Listed entries:
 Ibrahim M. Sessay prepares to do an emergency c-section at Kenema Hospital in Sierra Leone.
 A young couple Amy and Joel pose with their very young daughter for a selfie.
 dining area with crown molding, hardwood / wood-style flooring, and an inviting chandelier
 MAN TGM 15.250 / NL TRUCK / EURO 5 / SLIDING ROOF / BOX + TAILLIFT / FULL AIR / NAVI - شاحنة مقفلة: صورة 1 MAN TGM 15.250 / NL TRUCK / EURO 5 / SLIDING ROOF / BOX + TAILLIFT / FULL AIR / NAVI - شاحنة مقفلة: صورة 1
==
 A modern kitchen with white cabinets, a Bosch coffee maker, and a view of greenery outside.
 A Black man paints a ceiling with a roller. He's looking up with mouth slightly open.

What is required: Looking at the records above, return exactly the lines from the line with "A young couple" to the line with "مقفلة: صورة 1 MAN", both ends included.

Result:
 A young couple Amy and Joel pose with their very young daughter for a selfie.
 dining area with crown molding, hardwood / wood-style flooring, and an inviting chandelier
 MAN TGM 15.250 / NL TRUCK / EURO 5 / SLIDING ROOF / BOX + TAILLIFT / FULL AIR / NAVI - شاحنة مقفلة: صورة 1 MAN TGM 15.250 / NL TRUCK / EURO 5 / SLIDING ROOF / BOX + TAILLIFT / FULL AIR / NAVI - شاحنة مقفلة: صورة 1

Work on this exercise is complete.